(DATA SHOWN)
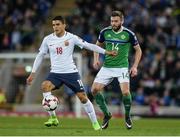 26 March 2017; Mohamed Elyounoussi of Norway in action against Stuart Dallas of Northern Ireland during the FIFA World Cup Qualifer Group C match between Northern Ireland and Norway at Windsor Park in Belfast. Photo by Oliver McVeigh/Sportsfile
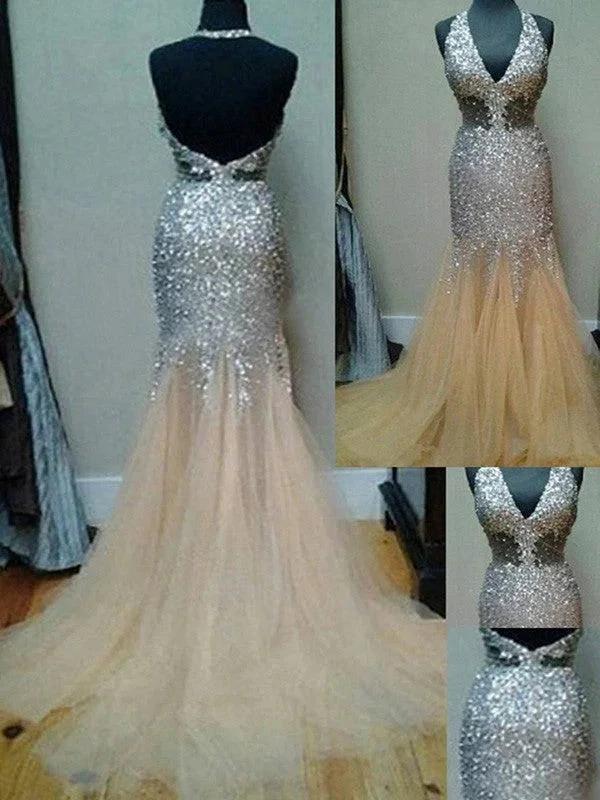 Gorgeous Mermaid Halter Sleeveless Tulle Sequin Court Train Prom Dresses by misshow.com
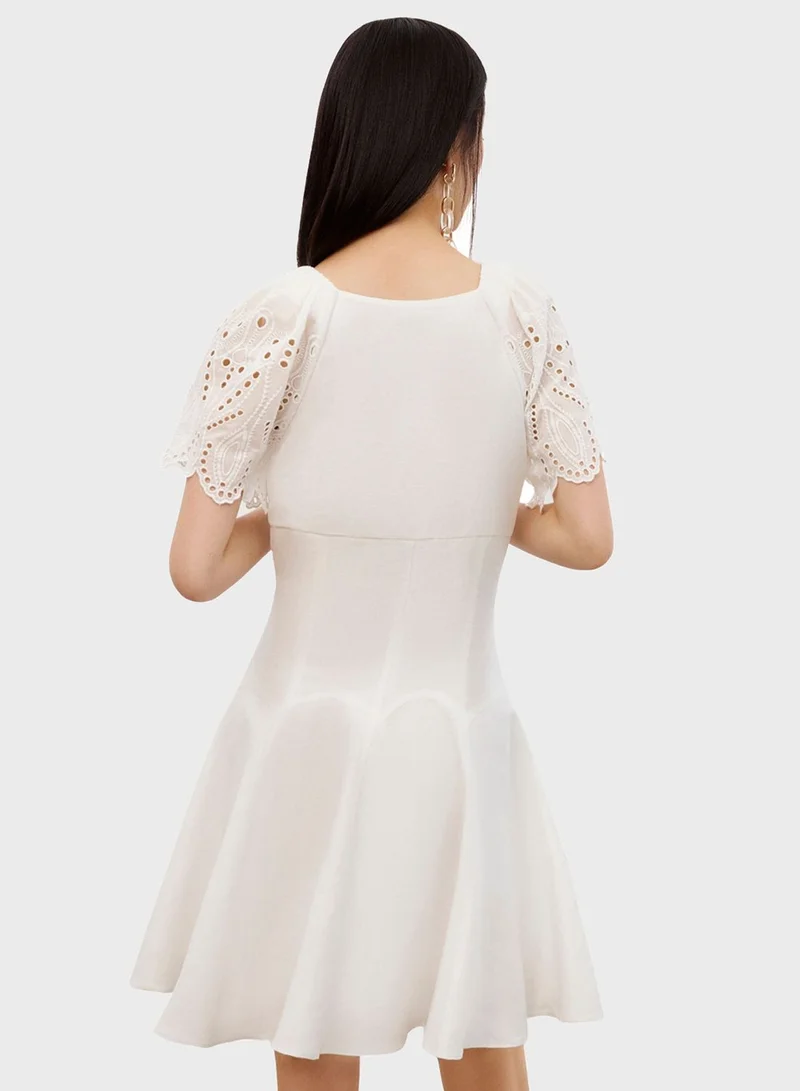 Nocturne Eyelet Sleeve Dress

(TASK DESCRIPTION) No image belongs in the copy. Transcribe the full listing verbatim.

(SOLUTION)
 26 March 2017; Mohamed Elyounoussi of Norway in action against Stuart Dallas of Northern Ireland during the FIFA World Cup Qualifer Group C match between Northern Ireland and Norway at Windsor Park in Belfast. Photo by Oliver McVeigh/Sportsfile
 Gorgeous Mermaid Halter Sleeveless Tulle Sequin Court Train Prom Dresses by misshow.com
 Nocturne Eyelet Sleeve Dress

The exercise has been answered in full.